Re: Moratorium on new patch acceptance

Raghavendra Gowdappa <rgowdapp@xxxxxxxxxx> · Tue, 19 May 2015 02:51:54 -0400 (EDT)

----- Original Message -----
> From: "Raghavendra Gowdappa" <rgowdapp@xxxxxxxxxx>
> To: "Shyam" <srangana@xxxxxxxxxx>
> Cc: gluster-devel@xxxxxxxxxxx
> Sent: Tuesday, May 19, 2015 11:49:56 AM
> Subject: Re:  Moratorium on new patch acceptance
> 
> 
> 
> ----- Original Message -----
> > From: "Raghavendra Gowdappa" <rgowdapp@xxxxxxxxxx>
> > To: "Shyam" <srangana@xxxxxxxxxx>
> > Cc: gluster-devel@xxxxxxxxxxx
> > Sent: Tuesday, May 19, 2015 11:46:19 AM
> > Subject: Re:  Moratorium on new patch acceptance
> > 
> > 
> > 
> > ----- Original Message -----
> > > From: "Shyam" <srangana@xxxxxxxxxx>
> > > To: gluster-devel@xxxxxxxxxxx
> > > Sent: Tuesday, May 19, 2015 6:13:06 AM
> > > Subject: Re:  Moratorium on new patch acceptance
> > > 
> > > On 05/18/2015 07:05 PM, Shyam wrote:
> > > > On 05/18/2015 03:49 PM, Shyam wrote:
> > > >> On 05/18/2015 10:33 AM, Vijay Bellur wrote:
> > > >>
> > > >> The etherpad did not call out, ./tests/bugs/distribute/bug-1161156.t
> > > >> which did not have an owner, and so I took a stab at it and below are
> > > >> the results.
> > > >>
> > > >> I also think failure in ./tests/bugs/quota/bug-1038598.t is the same
> > > >> as
> > > >> the observation below.
> > > >>
> > > >> NOTE: Anyone with better knowledge of Quota can possibly chip in as to
> > > >> what should we expect in this case and how to correct the expectation
> > > >> from these test cases.
> > > >>
> > > >> (Details of ./tests/bugs/distribute/bug-1161156.t)
> > > >> 1) Failure is in TEST #20
> > > >>     Failed line: TEST ! dd if=/dev/zero of=$N0/$mydir/newfile_2 bs=1k
> > > >> count=10240 conv=fdatasync
> > > >>
> > > >> 2) The above line is expected to fail (i.e dd is expected to fail) as,
> > > >> the set quota is 20MB and we are attempting to exceed it by another
> > > >> 5MB
> > > >> at this point in the test case.
> > > >>
> > > >> 3) The failure is easily reproducible in my laptop, 2/10 times
> > > >>
> > > >> 4) On debugging, I see that when the above dd succeeds (or the test
> > > >> fails, which means dd succeeded in writing more than the set quota),
> > > >> there are no write errors from the bricks or any errors on the final
> > > >> COMMIT RPC call to NFS.
> > > >>
> > > >> As a result the expectation of this test fails.
> > > >>
> > > >> NOTE: Sometimes there is a write failure from one of the bricks (the
> > > >> above test uses AFR as well), but AFR self healing kicks in and fixes
> > > >> the problem, as expected, as the write succeeded on one of the
> > > >> replicas.
> > > >> I add this observation, as the failed regression run logs, has some
> > > >> EDQUOT errors reported in the client xlator, but only from one of the
> > > >> client bricks, and there are further AFR self heal logs noted in the
> > > >> logs.
> > > >>
> > > >> 5) When the test case succeeds the writes fail with EDQUOT as
> > > >> expected.
> > > >> There are times when the quota is exceeded by say 1MB - 4.8MB, but the
> > > >> test case still passes.
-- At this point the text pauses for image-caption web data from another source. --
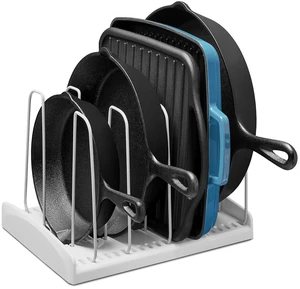 Cookware Rack with Tall Steel Wires, Adjustable Pan and Lid Organizer for Kitchen Cabinet Storage, Classic Edition Cookware Rack with Tall Steel Wires, Adjustable Pan and Lid Organizer for Kitchen Cabinet Storage, Classic Edition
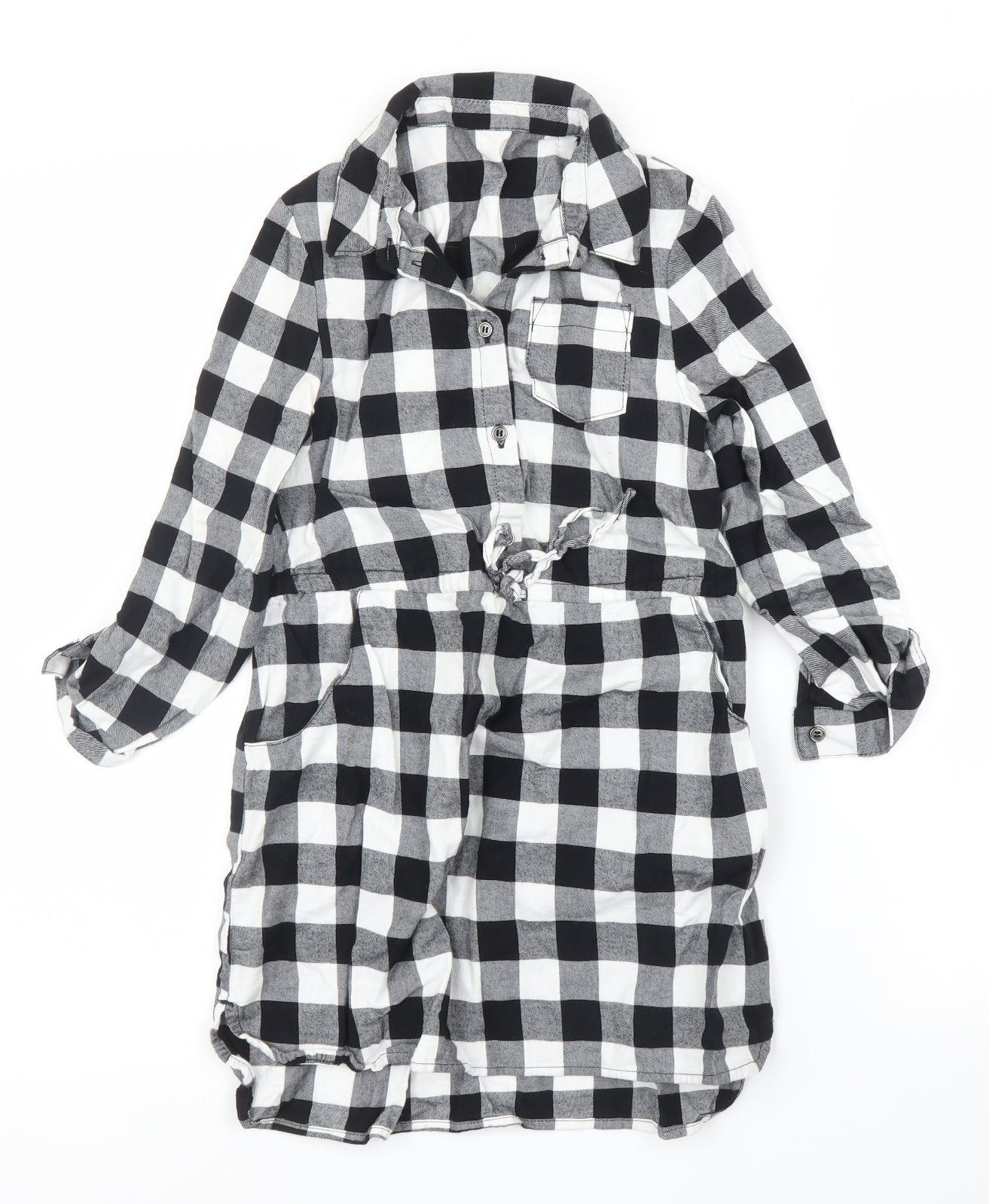 Nutmeg Girls Black Check  A-Line  Size 7 Years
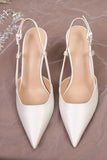 Ivory Pointed Rhinestone Patent High Heels with Bow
Which means that, if we were to try to exceed
> > > >> the quota by 1MB (instead of the 5MB as in the test case), this test
> > > >> case may fail always.
> > > >
> > > > Here is why I think this passes by quota sometime and not others making
> > > > this and the other test case mentioned below spurious.
> > > > - Each write is 256K from the client (that is what is sent over the
> > > > wire)
> > > > - If more IO was queued by io-threads after passing quota checks, which
> > > > in this 5MB case requires >20 IOs to be queued (16 IOs could be active
> > > > in io-threads itself), we could end up writing more than the quota
> > > > amount
> > > >
> > > > So, if quota checks to see if a write is violating the quota, and let's
> > > > it through, and updates on the UNWIND the space used for future checks,
> > > > we could have more IO outstanding than what the quota allows, and as a
> > > > result allow such a larger write to pass through, considering IO
> > > > threads
> > > > queue and active IOs as well. Would this be a fair assumption of how
> > > > quota works?
> > 
> > Yes, this is a possible scenario. There is a finite time window between,
> > 
> > 1. Querying the size of a directory. In other words checking whether
> > current
> > write can be allowed
> > 2. The "effect" of this write getting reflected in size of all the parent
> > directories of a file till root
> > 
> > If 1 and 2 were atomic, another parallel write which could've exceed the
> > quota-limit could not have slipped through. Unfortunately, in the current
> > scheme of things they are not atomic. Now there can be parallel writes in
> > this test case because of nfs-client and/or glusterfs write-back (though
> > we've one single threaded application - dd - running). One way of testing
> > this hypothesis is to disable nfs and glusterfs write-back and run the same
> > (unmodified) test and the test should succeed always (dd should fail). To
> > disable write-back in nfs you can use noac option while mounting.
> > 
> > The situation becomes worse in real-life scenarios because of parallelism
> > involved at many layers:
> > 
> > 1. multiple applications, each possibly being multithreaded writing to
> > possibly many/or single file(s) in a quota subtree
> > 2. write-back in NFS-client and glusterfs
> > 3. Multiple bricks holding files of a quota-subtree. Each brick processing
> > simultaneously many write requests through io-threads.
> 
> 4. Background accounting of directory sizes _after_ a write is complete.
> 
> > 
> > I've tried in past to fix the issue, though unsuccessfully. It seems to me
> > that one effective strategy is to make enforcement and updation of size of
> > parents atomic. But if we do that we end up adding latency of accounting to
> > latency of fop. Other options can be explored. But, our Quota functionality
> > requirements allow a buffer of 10% while enforcing limits. So, this issue
> > has not been high on our priority list till now. So, our tests should also
> > expect failures allowing for this 10% buffer.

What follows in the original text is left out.